:: Work task ::
From the material below, retype exactly the lines that begin at the line with "Elenzga Women's Elegant" and end after the line with "Two Gold Rimmed"; pictures stay out of the copy.

*** Extracted material Section Begins ***

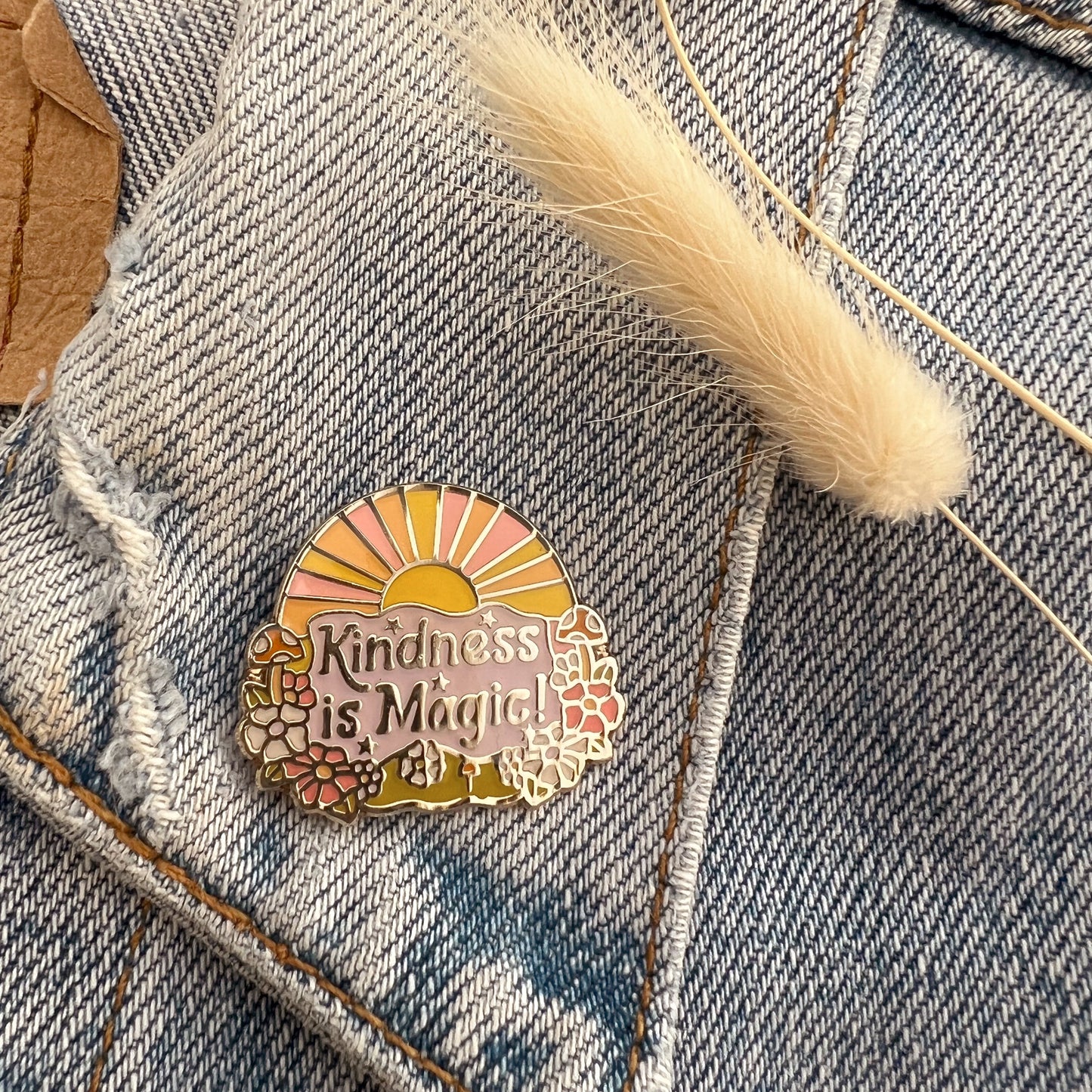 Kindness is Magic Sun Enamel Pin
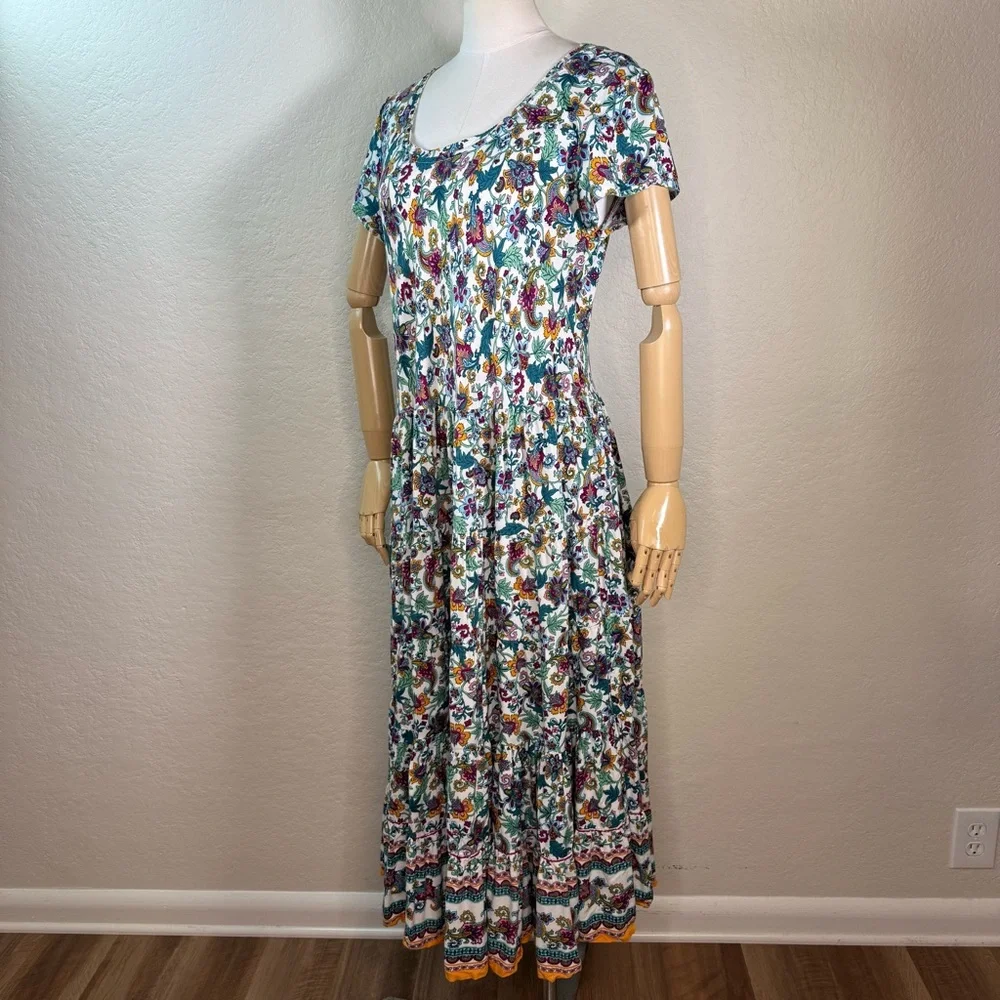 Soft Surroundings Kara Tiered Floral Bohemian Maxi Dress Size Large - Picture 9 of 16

*** Extracted material Section Ends ***
*** Extracted material Section Begins ***

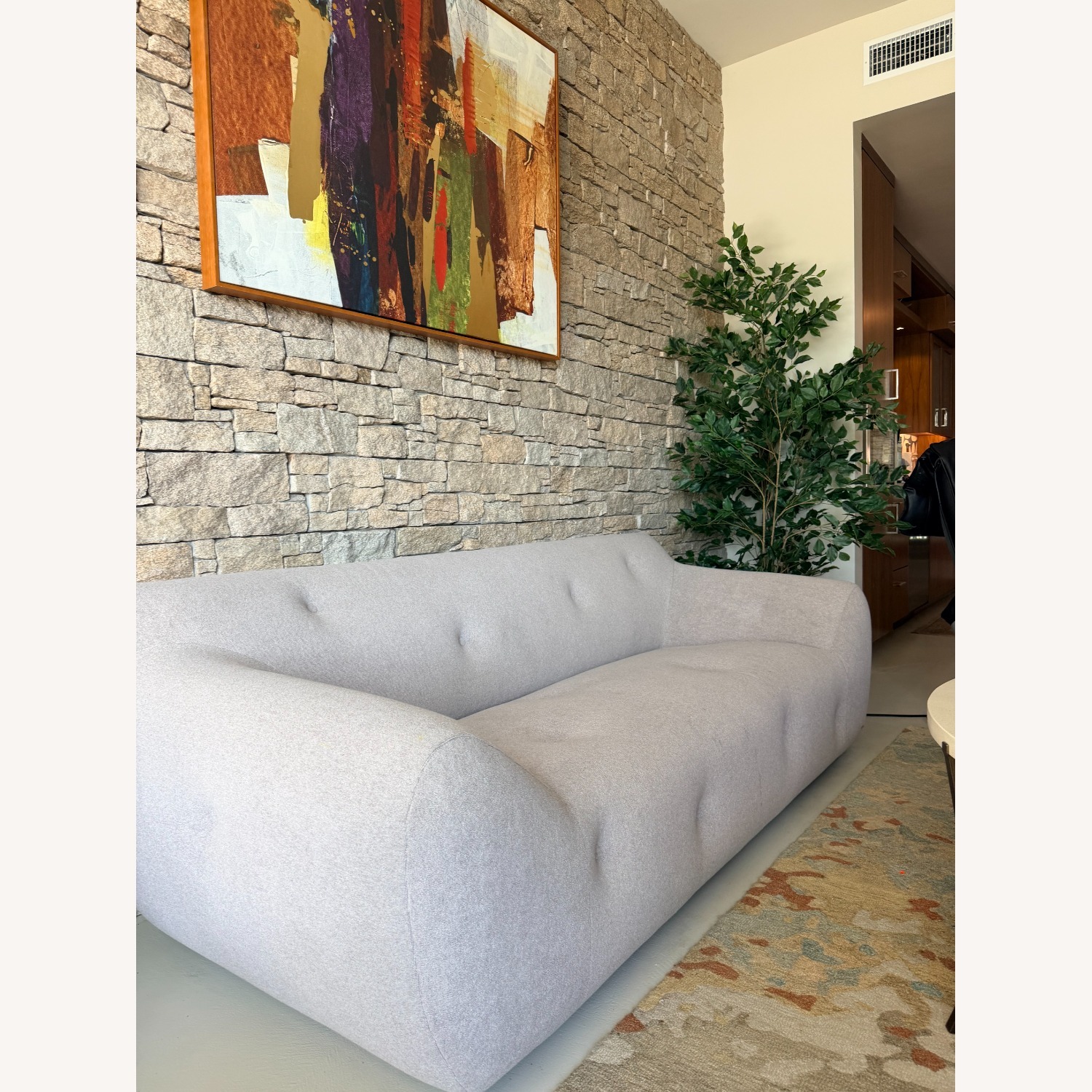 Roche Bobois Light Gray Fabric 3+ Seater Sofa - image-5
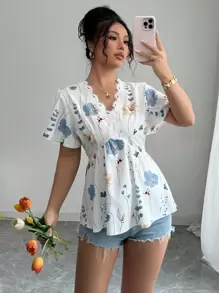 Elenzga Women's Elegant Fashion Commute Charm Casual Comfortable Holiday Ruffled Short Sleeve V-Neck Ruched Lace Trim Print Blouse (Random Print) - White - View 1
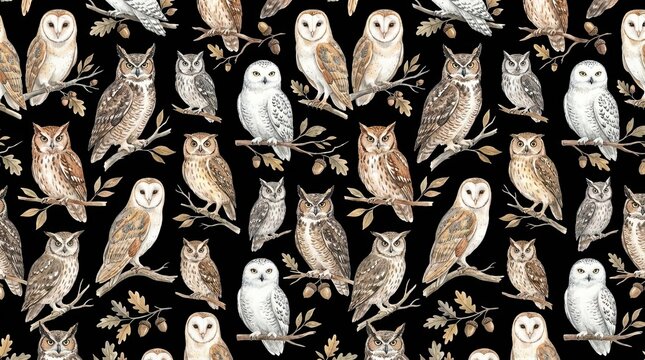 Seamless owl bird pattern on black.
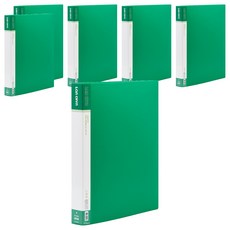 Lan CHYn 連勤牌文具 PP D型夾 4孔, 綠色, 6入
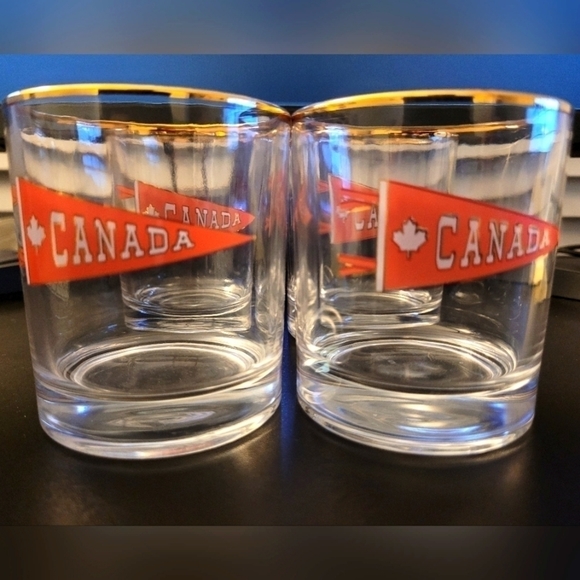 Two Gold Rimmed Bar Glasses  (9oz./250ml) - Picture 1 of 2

*** Extracted material Section Ends ***
*** Extracted material Section Begins ***

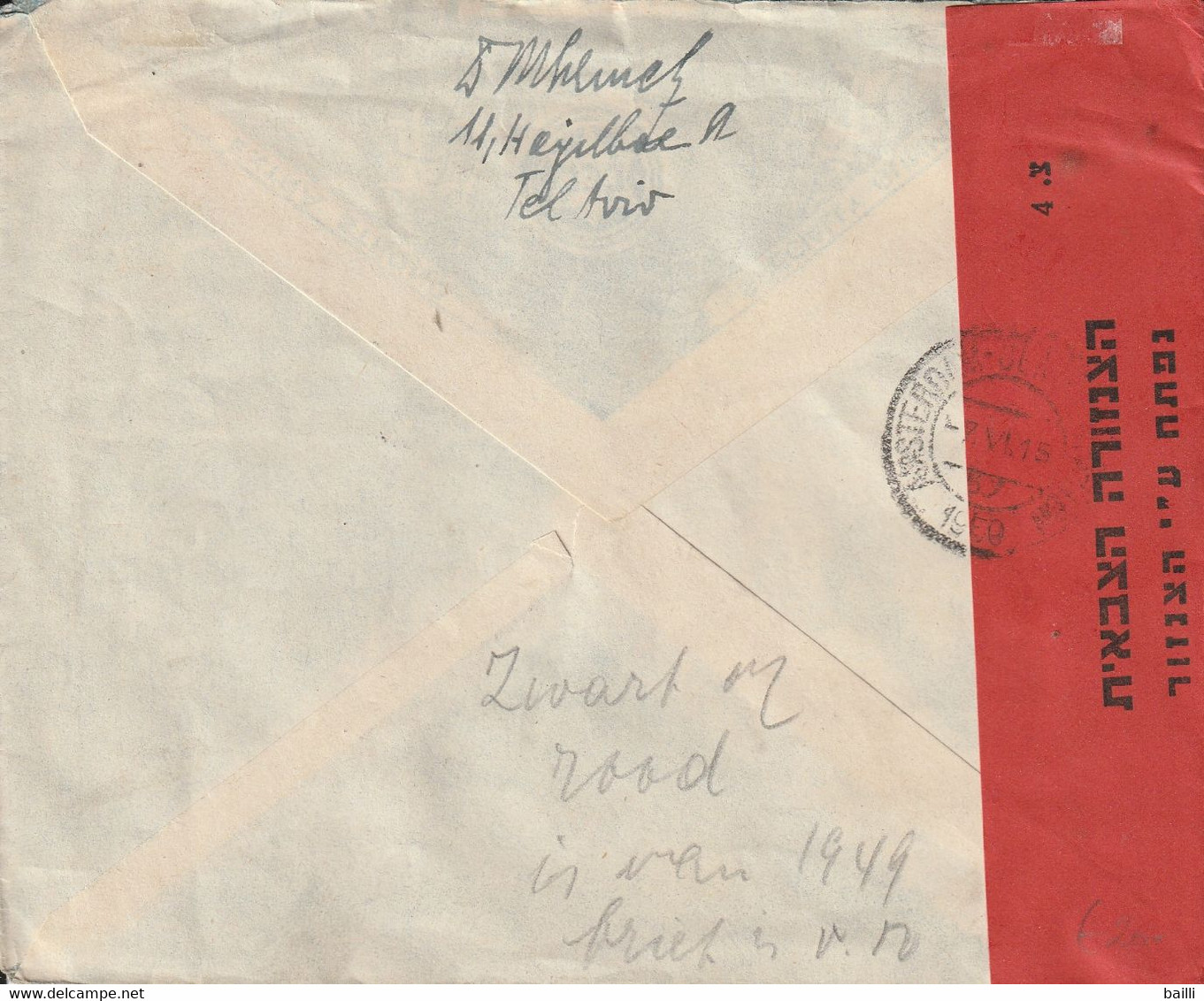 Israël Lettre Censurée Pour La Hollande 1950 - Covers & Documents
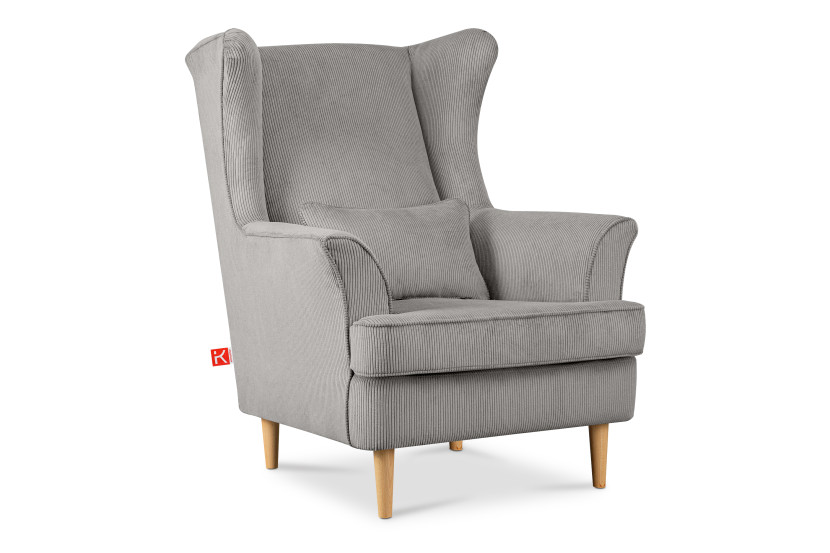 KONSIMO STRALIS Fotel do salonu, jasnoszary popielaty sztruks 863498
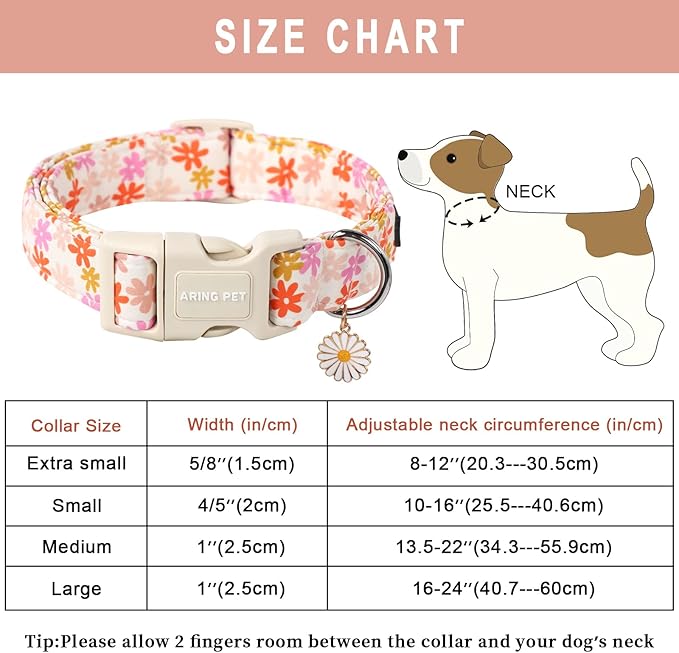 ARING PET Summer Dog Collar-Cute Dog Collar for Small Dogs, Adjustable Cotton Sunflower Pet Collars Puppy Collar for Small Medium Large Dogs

*** Extracted material Section Ends ***

:: Solution for this problem ::
 Elenzga Women's Elegant Fashion Commute Charm Casual Comfortable Holiday Ruffled Short Sleeve V-Neck Ruched Lace Trim Print Blouse (Random Print) - White - View 1
 Seamless owl bird pattern on black.
 Lan CHYn 連勤牌文具 PP D型夾 4孔, 綠色, 6入
 Two Gold Rimmed Bar Glasses  (9oz./250ml) - Picture 1 of 2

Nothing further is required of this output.